兵庫県出身、京都府在住。企業の採用活動を支えたい。という気持ちを軸として就職活動中。趣味は読書と散歩。京都府内を歩くことが大好き。
1954年10月生まれ。69歳。早稲田大学を卒業後、中国コンクリート工業㈱(現:ランデス㈱)に入社。2019年に代表取締役会長に就任し、現在に至る。SDGsの理念、「先進のトータル技術で人と自然を育む心をかたちにします」を企業使命とし、地球環境問題の解決に取り組んでいる。
目次
田村
大月様、本日はよろしくお願いいたします。はじめに、大月様のご経歴を教えてください。
大月
よろしくお願いします。私は昭和29年、岡山県真庭市に生まれ、今年で69歳になりました。ランデス株式会社の母体となった中国コンクリート工業株式会社は父が経営していた会社です。
田村
お父様の事業を継がれているのですね。
大月
父が経営をしている姿を見ながら大きくなり、地元の小中学校から岡山の津山の高校に進学し、東京の早稲田大学理工学部土木工学科に進学しました。卒業後、故郷に父の会社を継ぐべく帰ってきたのが25歳の時です。代表取締役社長を継いだのが37歳、1992年の時でした。もう32年も経っていますね。
21世紀の土木を考える
田村
理念を見直したことで「ランデス」という社名に変わったと仰っていましたが、どんな背景があったのでしょうか。
大月
岡山県の県北は自然が大変豊かなところです。日本を代表する天然記念物の第一号であるオオサンショウウオがいる地域として、明治時代にこの地域が設定されたんですよ。
田村
オオサンショウウオが生息しているくらい自然が豊かなのですね。
大月
環境保護について本気で考えていることが弊社の持っている遺伝子というか、持って生まれた役割ではないかなと改めて思いました。30年の節目に21世紀に輝ける会社となるべく、“人と自然との共生”を理念として定め、『Landes ランデス』に社名を変更したんです。

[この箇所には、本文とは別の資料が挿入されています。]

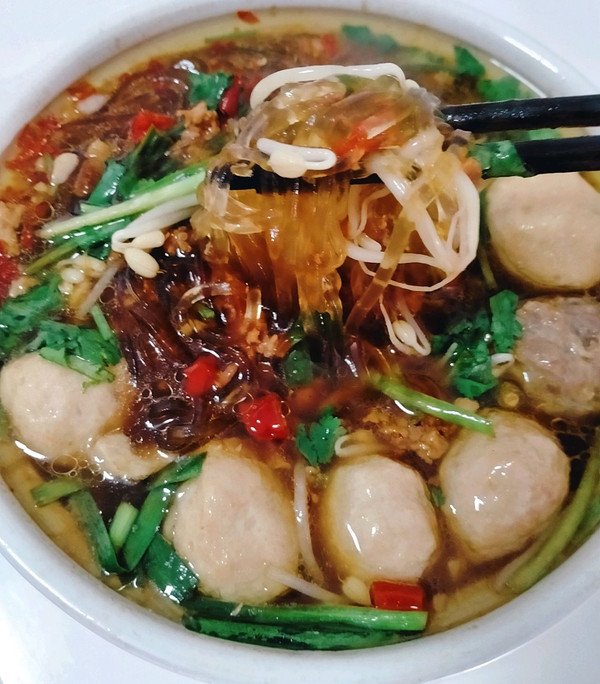 砂锅肉丸土豆粉，酸辣粉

LandesとはLand(大地)の後ろにEngineeringとEnvironment Systemの頭文字をくっつけたものです。
田村
そのような素敵な由来があったのですね。理念はどのように考えられたのですか。
大月
1992年に設立30年を迎えたタイミングで、「21世紀に輝ける会社とはどんな会社か」ということを若手社員15人を中心に話し合い、理念の見直しを行いました。
大月
社会や自然とともに会社も育っていく、そんな会社でありたいという話をしました。そんな思いから今の「育」という理念ができています。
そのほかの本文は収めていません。